When I began my field research in 1985, the members and supporters of the Cotabato MILF faced arrest and detention without trial as
participants in an illegal armed organization. Because of that political reality, I did not question Campo Muslim residents about the activities of the MILF, nor did I seek interviews with its current members. Even so, community residents volunteered a good deal of information about the MILF and I engaged in informal and often unexpected conversations with active rebels. Nevertheless, as a result of my approach, and because the MILF operates as an underground organization, I know less about the MILF than I do about other political associations.
In 1984, the Salamat faction had undergone a reorganization before taking on a new name. In the letter quoted above, Salamat also explained that reorganization, and included the following passage: "The MILF operates as a parallel government vis-à-vis the enemy government within its area of responsibility and exercises influence extensively among the Bangsamoro masses in a degree more effective and binding than that of the enemy administration" (quoted in Mastura 1985, 18). An MILF "shadow" government did exist in Campo Muslim. A clandestine MILF barangay committee paralleled the one headed by Datu Kamsa. While I lack specifics of its day-to-day operation or influence, my impression is that, as with many other Philippine political associations, it functioned in an ad hoc and informal manner. In addition to shadow-governing offices, there were also "invisible" MILF workers, active agents who operated secretly in the city (or elsewhere away from rebel-held areas). Invisible workers kept track of developments in their areas of operation and performed other assignments, which almost certainly included the selective use of intimidation. The Kutawatu Regional Committee published a local underground news sheet, Tantawan[10] —a mimeographed bulletin written in English with some Tagalog, which appeared monthly or bimonthly. It carried editorials and reports of local incidents—particularly of armed clashes between MILF units and the military.

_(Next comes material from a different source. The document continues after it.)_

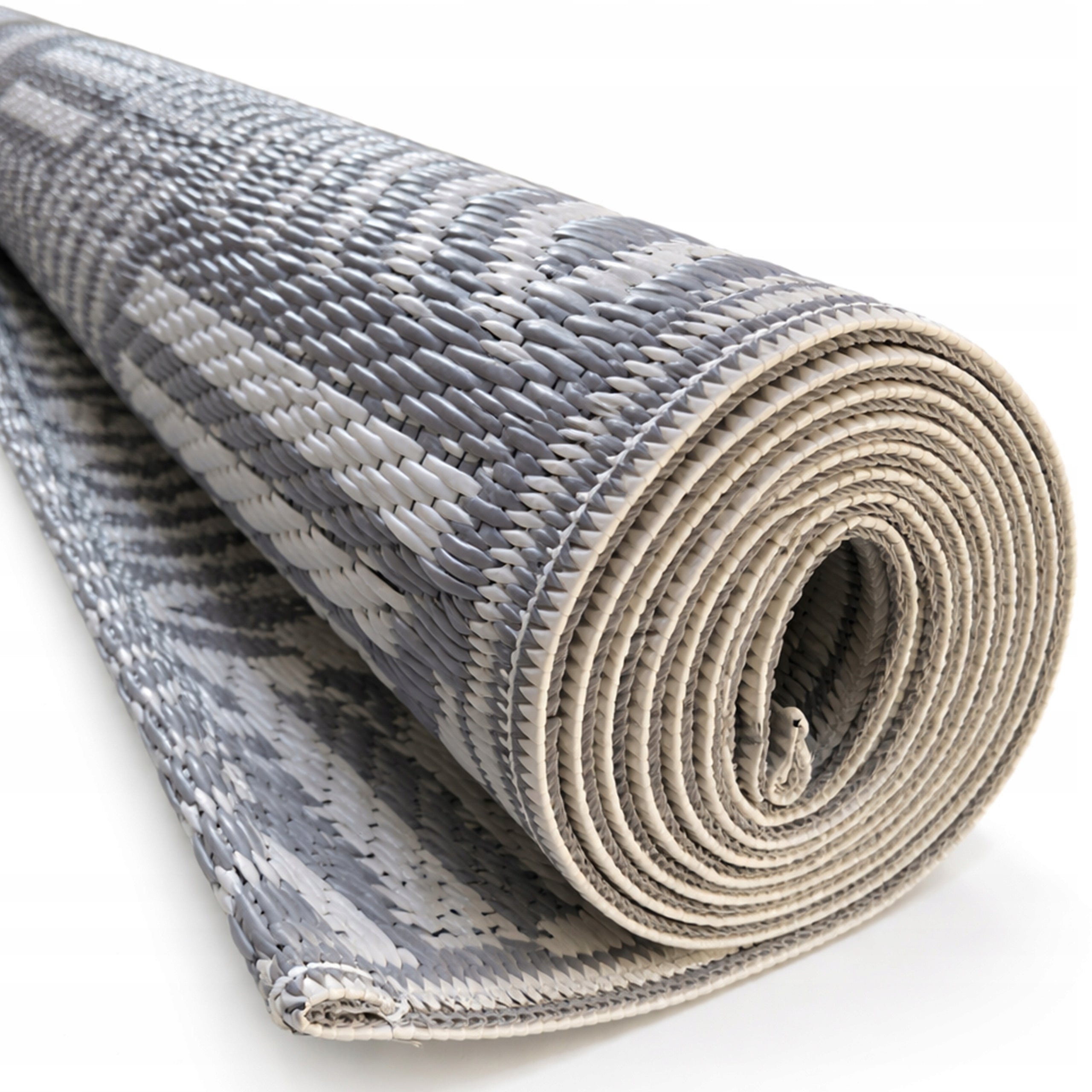 Outdoor carpet 160x230 cm terrace waterproof for terrace balcony for garden Packaging status original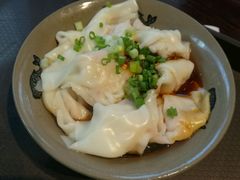 红油抄手-峨嵋小镇·川菜(勒泰中心店)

Although it is difficult to determine with any precision how "effective and binding" was the influence exercised by the MILF in Campo Muslim, the MILF was more influential in most matters than the "enemy administration." No collective political activities (e.g., rallies or demonstrations) were undertaken without at least the implicit approval of the MILF, and few individual decisions that had political implications were made without consideration of the likely reaction of the MILE Those community members summoned to MILF headquarters always endeavored to respond promptly and in person. During my
stay in Campo Muslim, a number of these summonses concerned the politically volatile issue of the conspicuous operation of a Christian charitable organization in Campo Muslim.
Child Sponsorship and Christian Hegemony in Campo Muslim
The efforts of Sister Theresa to aid victims of the 1976 earthquake first brought representatives of the Catholic diocese to Campo Muslim. Their presence continued in a more institutionalized form after her departure in 1981 (it was widely rumored that the new bishop had removed the popular Sister Theresa because he disliked her independent manner). In 1983, Reconciliation House, the community service program established by Sister Theresa, was expanded and redesignated as "the Reconciliation Center." The new bishop secured external funding for the expanded community program from the Christian Children's Fund (CCF).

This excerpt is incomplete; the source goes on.